I didn’t win that competition – my best friend did (she was a future Harvard scholar even in grade four). I didn’t care. I loved that poem, fiercely, proudly, like I would my own child.
Thank you for teaching me how to forage, how to gather, how to call my words together and into being.
In High-School, when I, the shyest person I knew, was chosen by the wonderful Mr Brown to be part of the debating team; you listened to every tedious practice speech. You taught me how to pause on certain words, taught me a code of underlined words, telling me when to emphasise, when to breathe. You gathered quotes that would punctuate my ideas and give me new avenues to explore.
And now, when I place my two feet firmly and with confidence on the ground, face an audience or a class of students, I send a silent thanks to you and Mr Brown. What a gift to be given. The art of making oneself heard.
I was a restless student. An athlete, I just couldn’t keep my body still in class. My legs wanting to move, meant I couldn’t keep my attention on the sums, the awful geometry and the equations. But your early schooling in literature, all the hours you spent with me talking about metaphors, and characters and grammar, it gave me an edge. I knew how to write and I knew how to suck the meaning from a piece of writing and re-formulate it, to express myself. School bored me, but I didn’t care, I had the gift of learning what I wanted.

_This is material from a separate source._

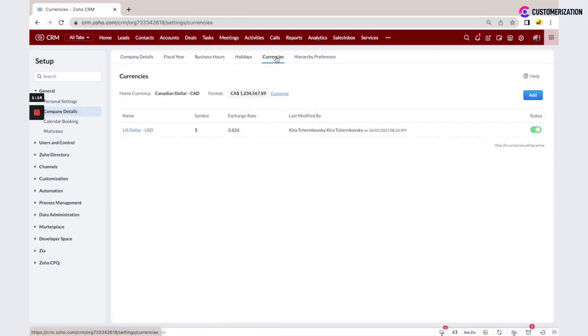Under currencies, you can manage multiple currencies and set exchange rates if that applies to your business.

And for a mind like mine that is always running, running running. Running with ideas, more ideas, plots, schemes, worry, rage and ambition. Those books you introduced to me are a quiet pool, a break, a place to be, a place that soothes my restless spirit.
In VCE, in Australia, the art room at my school caught fire, and three weeks before final exams, I lost my entire portfolio. I was S H A T T E R E D. All I wanted to do was sleep and cry over my loss.
You dragged me out of the house. Fiercely, grabbed paint off the shelves in art stores, found a canvas and some brushes. You sat me down with the canvas in front of me. You said ‘you are angry, you are hurt, you are broken’ ‘Go on, PAINT’.
And so I did.
So today on Mothers day, I want to say thank you. Thank you for my words, thank you for believing in me and trusting me, thank you for giving my restless spirit a home in books, and thank you for giving me a voice that knows its strength.